Teenage is a 2013 Indian Kannada-language film directed by Srikanth H R, starring Kishan Shrikanth, Priya Bharath Khanna, Tanvi Ganesh Lonkar and Apoorva Arora. The film released on 26 July 2013 along with Loosegalu.

==Cast==

- Kishan Shrikanth as Arya
- Priya Bharath Khanna as Anjali
- Tanvi Ganesh Lonkar as Rosy
- Apoorva Arora as Preethi
- Giorgia Valenti
- Shrijit as Siri
- Raju Talikote
- Mansi Dhariwal
- Master Lakshman

== Production ==
The film was in the news for featuring a song with more than 15,000 kids from all over Karnataka.

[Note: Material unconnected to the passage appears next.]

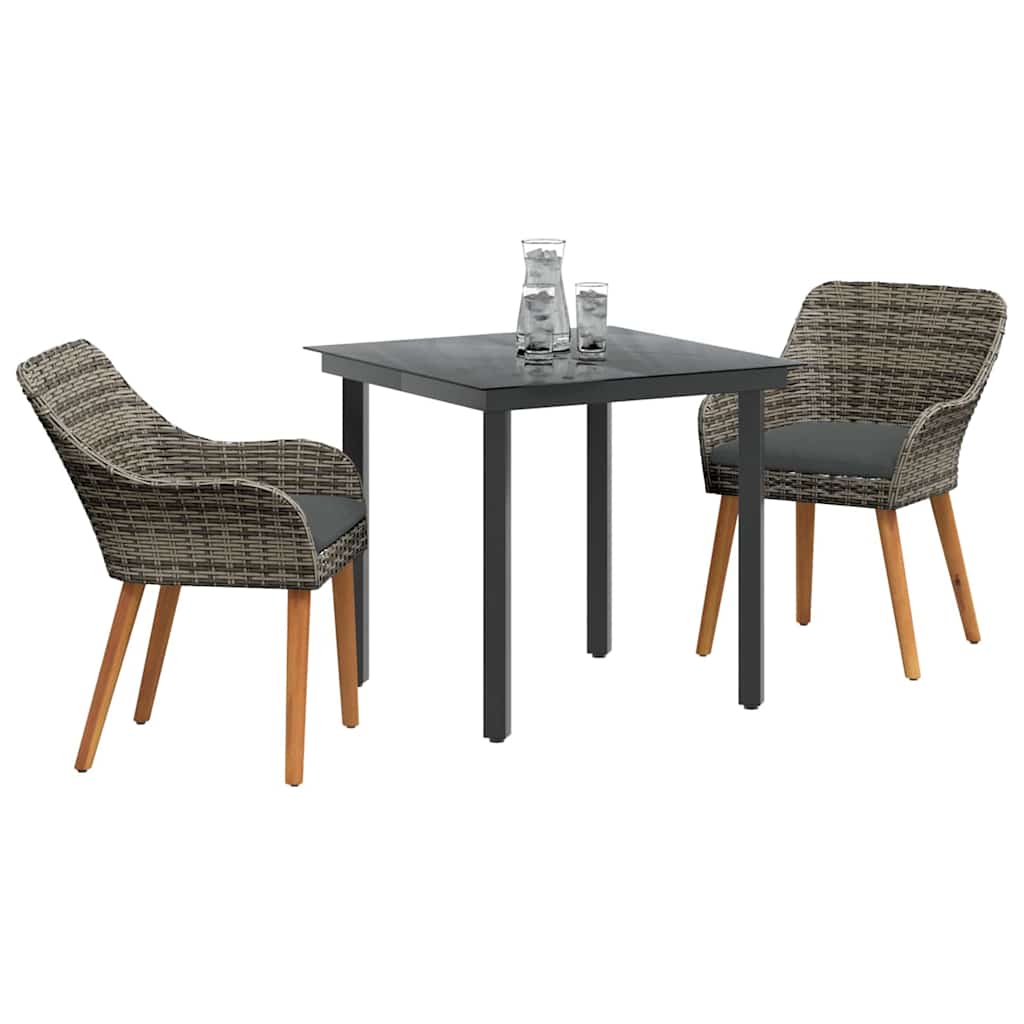 Garten Essgruppe mit Kissen 3 pcs Grau Poly-Rattan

The delay of this film meant that director Srikanth HR went on to work on the dropped film Yenidu Manasali starring Vijay Raghavendra, Tanushree Dutta and Ishita Dutta in mid-2012.

==Music==

Track listing
| No. | Title | Singer(s) | Length |
|---|---|---|---|
| 1. | "Enidu Manasali" | Naresh Iyer, Vandana | 4:01 |
| 2. | "Ondonde Kanasu" | Santhosh Venki | 4:00 |
| 3. | "Hudugi Bekagide" | Naresh Iyer, Steve Watts | 3:26 |
| 4. | "Banna Bannada" | Prasad, Sangeetha M R | 2:48 |
| 5. | "Usirale Nanna" | Hariharan, Vandana | 2:38 |
| 6. | "Manasalli Mosa Illa" | Dhyeya, Srikanth, Alvin | 3:42 |
| 7. | "Idu Preethinaa" | Vandana, Aravind | 2:39 |
| 8. | "Teenage Ee Thara" | Haricharan | 3:20 |
| Total length: |  |  | 25:14 |

== Reception ==
=== Critical response ===

A Sharadhaa from The New Indian Express wrote "Among the nine songs in the film, the only song that is worth a watch is the one shot underwater. Otherwise, the movie  is a soulless, repetitive drama, portrayed by dim-witted young boys and girls. The Verdict: If you want to enjoy the memories of your teenage years". B. S. Srivani from Deccan Herald wrote "Kishan, however, shines in editing, displaying a cool professional hand. Makesh and Rahul’s underwater cinematography is a treat to watch; even above water is just fine except when the camera seems to be unnecessarily restless, but that’s teen angst for you! Mass Mada’s action choreography doesn’t go overboard. Obvious drawbacks: too many songs to pay attention to and the director’s very loud background score". A critic from The Times of India scored the film at 3.5 out of 5 stars and wrote "After Care of Footpath, Kishan looks matured in acting and impresses as a teenager. Slumdog Millionaire fame Tanvi, Apoorva and Priya are lively. Music director Siddarth Vipin has come out with some foot-tapping energetic numbers. Cinematography by Magesh Dev is excellent". A critic from Bangalore Mirror wrote "Teenage is in a genre that is hardly touched in our films. However, this is the age group that forms a huge bulk of the film audience. Teenage shows how film makers could cater to this segment in times to come. The film is worth a visit to the theatre for its colourful imagery and freshness of intentions".